There is material below. Print exactly the lines starting at the line with "Used Tesla Model" and ending at the line with "ES 26065SC 1/6", ends included, and no others.

> RECORD EXCERPTS

********************

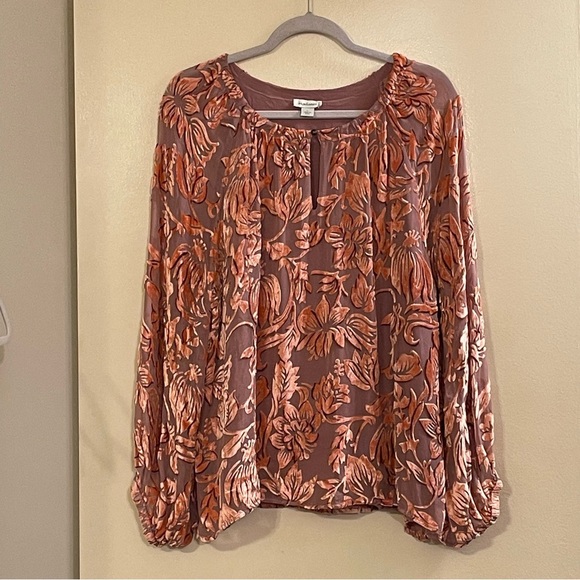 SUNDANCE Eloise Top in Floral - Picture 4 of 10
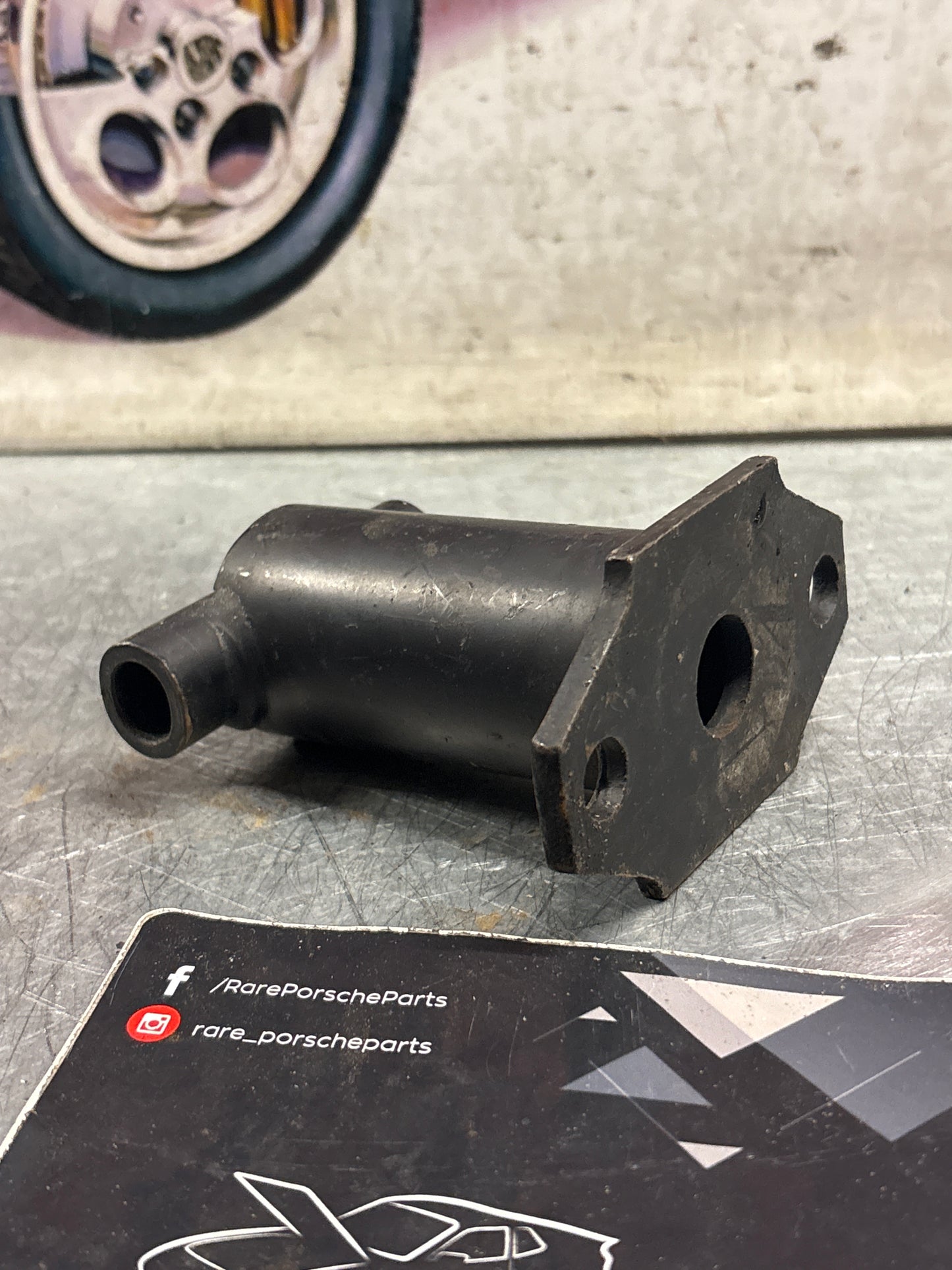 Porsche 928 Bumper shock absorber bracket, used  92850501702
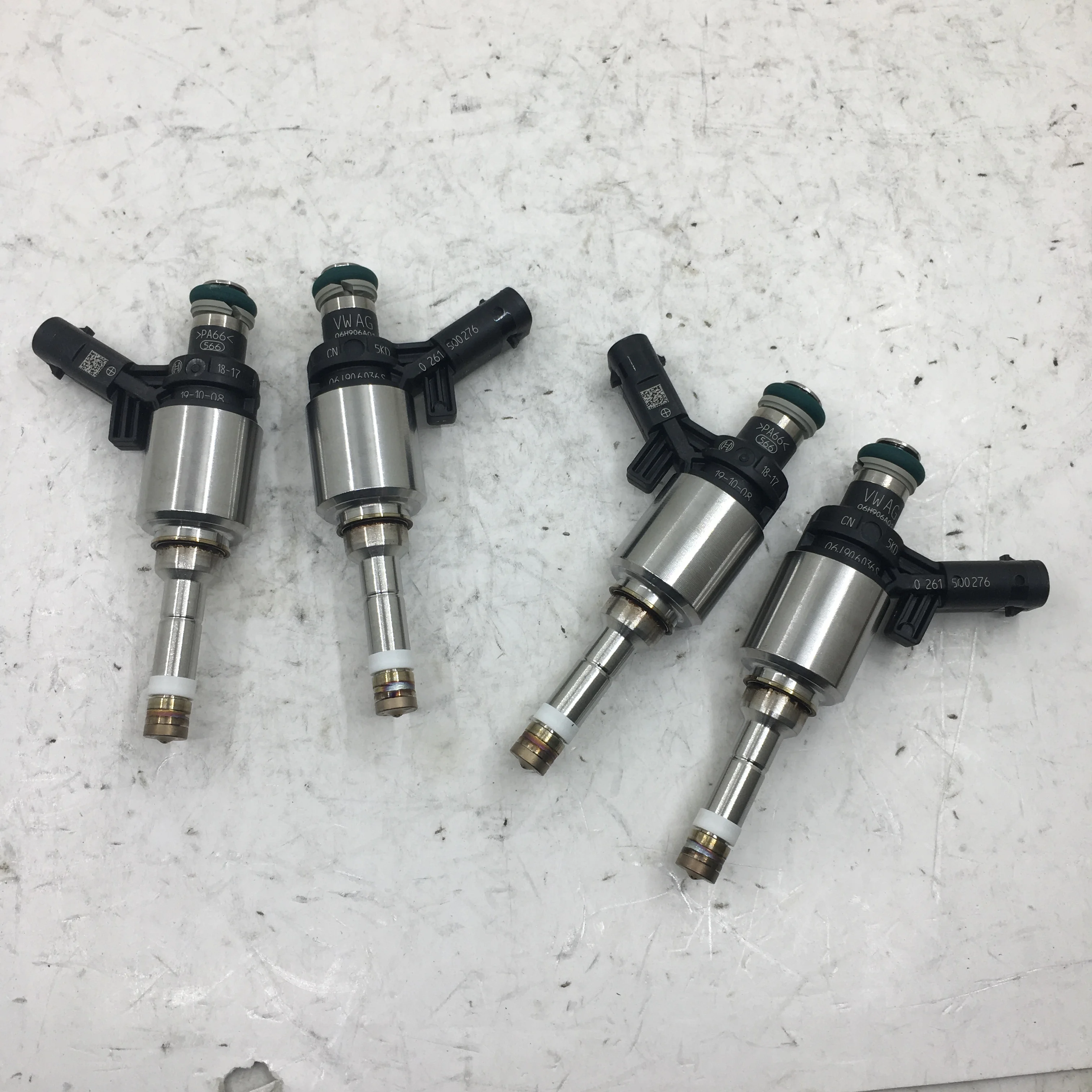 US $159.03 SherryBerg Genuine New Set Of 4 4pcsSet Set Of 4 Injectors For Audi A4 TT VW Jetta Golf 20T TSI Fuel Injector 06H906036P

********************

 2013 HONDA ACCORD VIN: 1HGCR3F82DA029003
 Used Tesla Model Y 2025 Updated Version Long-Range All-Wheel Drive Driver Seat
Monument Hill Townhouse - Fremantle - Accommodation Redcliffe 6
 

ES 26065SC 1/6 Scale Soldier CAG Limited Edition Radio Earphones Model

********************

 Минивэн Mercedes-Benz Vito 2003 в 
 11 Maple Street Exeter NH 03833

********************

> EXPECTED OUTPUT
 Used Tesla Model Y 2025 Updated Version Long-Range All-Wheel Drive Driver Seat
Monument Hill Townhouse - Fremantle - Accommodation Redcliffe 6
 

ES 26065SC 1/6 Scale Soldier CAG Limited Edition Radio Earphones Model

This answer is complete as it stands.